■ **Work task**:
Images are to be left out; everything else in the listing should be repeated exactly.

■ **Raw data**:
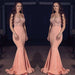 Bridelily V-neck Spaghetti Floor-length Chiffon Appliques Mermaid Prom Dresses - Prom Dresses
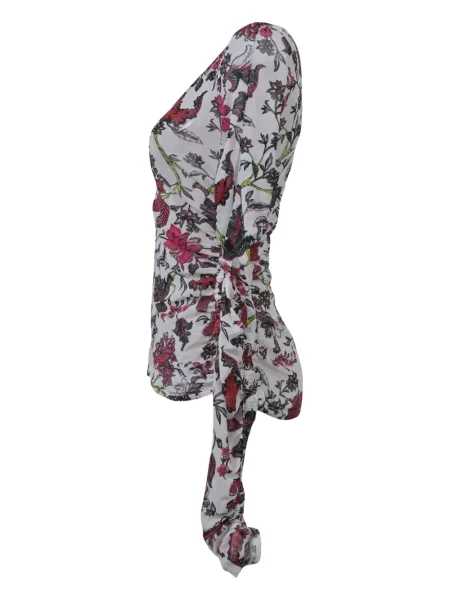 Top Dvf Diane Von Furstenberg cu model floral cu imagine alb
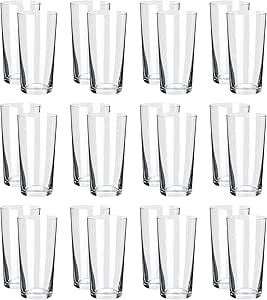 Amazon Basics Admiral Cooler Borosilicate Glass Cup, 15.3 oz, Microwave-Safe, Commercial-grade, 24-Pack, Transparent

■ **Answer box**:
 Bridelily V-neck Spaghetti Floor-length Chiffon Appliques Mermaid Prom Dresses - Prom Dresses
 Top Dvf Diane Von Furstenberg cu model floral cu imagine alb
 Amazon Basics Admiral Cooler Borosilicate Glass Cup, 15.3 oz, Microwave-Safe, Commercial-grade, 24-Pack, Transparent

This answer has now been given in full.